Seberapa keras Raja mendekat lebih keras lagi Jihan menjauh. Kepercayaan dirinya sudah mencapai 0,00001. Benar-benar sangat di bawah.

Tidak ada yang bisa dibanggakan dari Jihan Indah Sari. Wajahnya pun biasa saja,  belum lagi sikapnya yang aneh. Sering ketakutan sendiri jika berada di tempat umum. Karena sering mendapat cibiran dia selalu takut berada di tempat umum.

Jihan tidak pantas untuk Raja. Lelaki itu berhak mendapatkan yang lebih darinya.

"Mbak sudah sampai," Jihan membayar argo lalu turun.

Dia membayar uang masuk. Pantai begitu sepi karena weekdays dan sudah sore.

Melepas sepatu, kakinya menyapa halusnya pasir pantai. Tenang.
Jiwa Jihan seperti terobati.

Badan Jihan bersandar pada pohon. Dia biarkan roknya terkotori pasir. Bahkan hingga fajar mulai kembali ke peraduan, Jihan tidak bergerak dari tempatnya.

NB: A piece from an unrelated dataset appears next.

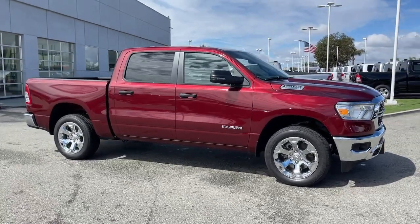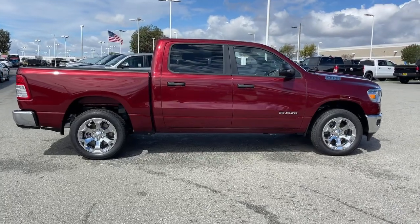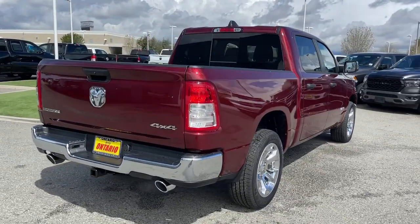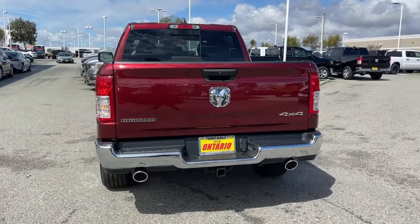You will be amazed by this 2023 Ram 1500. The Ram 1500 delivers gritty towing capability, passenger-focused comfort and safety features, and surprising fuel efficiency. These are just some of the great options this vehicle comes with: Apple CarPlay and/or Android Auto.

Dipotretnya matahari yang hampir terbenam dan mempostingnya di Ig.

Mungkin nanti melihat sunset akan menjadi hobinya.

_risssaaa

|Lo dimana anjir, kak revino nelpon gue cari lo.
|Jihan jgn nyari mslh lo
|Kak Vino khawatir banget sama lo. Angkat telponnya.
|Heh, jangan cuma dibaca. Tangan lo udah gak berfungsi buat bales?

Seen

Jihan beralih pada aplikasi berwarna hijau. Dia tidak mengangkat telpon Revino tetapi mengirim pesan.

Dia mengatakan bahwa baik-baik saja dan akan menghubungi kalau akan pulang.

Entahlah, disaat seperti ini menyendiri lebih nyaman.